DETROIT — The Bush administration is considering changes to fuel economy regulations that would encourage manufacturers to offer more large cars, station wagons and smaller sport utility vehicles that are built more like cars.
The idea behind the changes is that such vehicles are safer than both small cars and sport utility vehicles and pickups, and that if more people drove them, fewer people would die in crashes. Producing more such vehicles and fewer very small or very large vehicles would reduce the increasing disparity among American vehicles, both in weight and how high they ride.
Because they ride so high, sport utility vehicles and pickups pose more dangers to drivers of small cars than large cars do. They are also more dangerous for their own occupants because of their increased rollover risk.
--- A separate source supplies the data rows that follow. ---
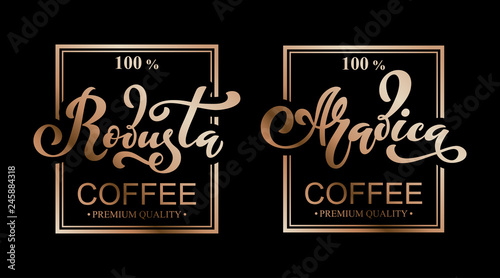 Arabica and robusta coffee logo. Vector illustration of handwritten lettering. Vector elements for packaging, coffee labels, market, cafe design, restaurant menu and store.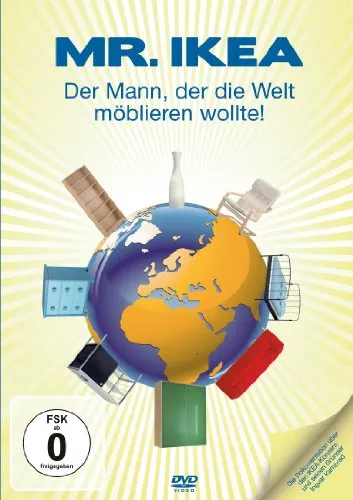 Mr. IKEA - Der Mann, der die Welt möblieren wollte!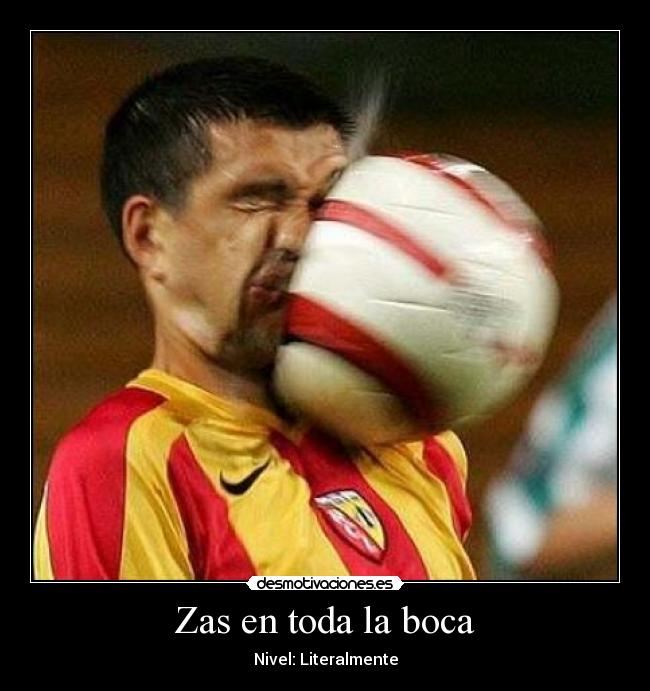 Zas en toda la boca - Nivel: Literalmente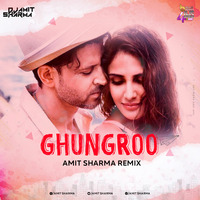 Ghungroo - Amit Sharma Remix by Bollywood4Djs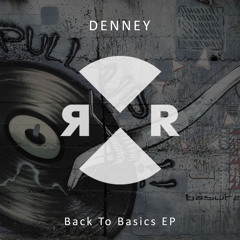 Denney - Back To Basics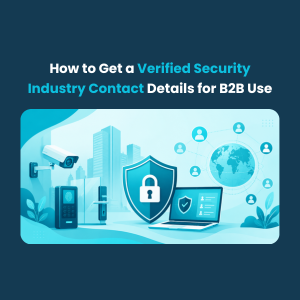 How to Get a Verified Security Industry Contact Details for B2B Use Feature How to Get a Verified Security Industry Contact Details for B2B Use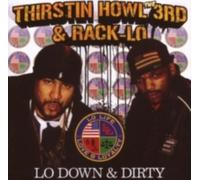 THIRSTIN HOWL THE 3RD & RACK-LO: LO DOWN & DIRTY - CD BRAND NEW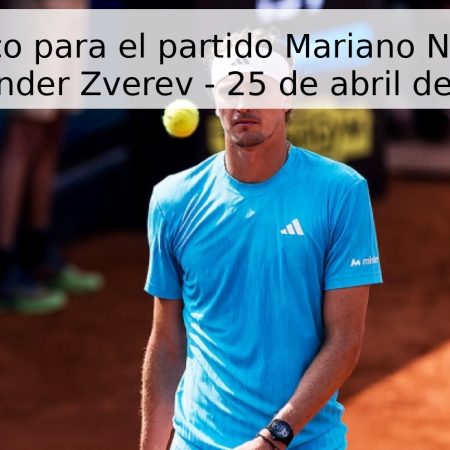 Pronóstico para el partido Mariano Navone vs Alexander Zverev – 25 de abril de 2026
But the idea is opposed by environmentalists and has already drawn a sharply worded protest from the United Auto Workers union. Both are concerned, for different reasons, that the Big Three will stop making small cars because they lose money making them and will no longer be compelled to.
For the last several months, representatives of the Department of Energy, the National Highway Traffic Safety Administration, the Environmental Protection Agency and several other federal agencies have been exploring changes to the way fuel economy is regulated.
Under the current system, in effect since the 1970s, automakers must meet one average for their fleets of cars (currently 27.5 miles per gallon) and a much lower average (20.7 miles per gallon) for their light trucks, which include sport utility vehicles, pickups and minivans.
To reach those averages, automakers generally build small vehicles with higher fuel economy to offset large, less fuel-efficient vehicles.
The change being considered by the Bush administration will not be described for a month or two, in an initial proposal for fuel economy in the 2008 model year and beyond. But the type of system being considered could eliminate the distinction between cars and light trucks and instead base fuel economy requirements on the weight or size of vehicles.
So automakers would no longer have to build small cars to help reach the average required of all cars. As for the largest sport utilities and pickups, the fuel economy standard could in theory be raised enough to force the automakers to make such vehicles smaller. As a result, fewer vehicles on the road would be either very big or very small.
"Large passenger cars and minivans are the safest way to move around large numbers of people," said Dr. Jeffrey W. Runge, the Bush administration's top auto safety regulator, at a conference in January. "And yet," he added, referring to the current system known as Corporate Average Fuel Economy standards (CAFE), "we have CAFE-ed large cars out of existence."
"We need a quantum leap in fuel economy without sacrificing safety," he added.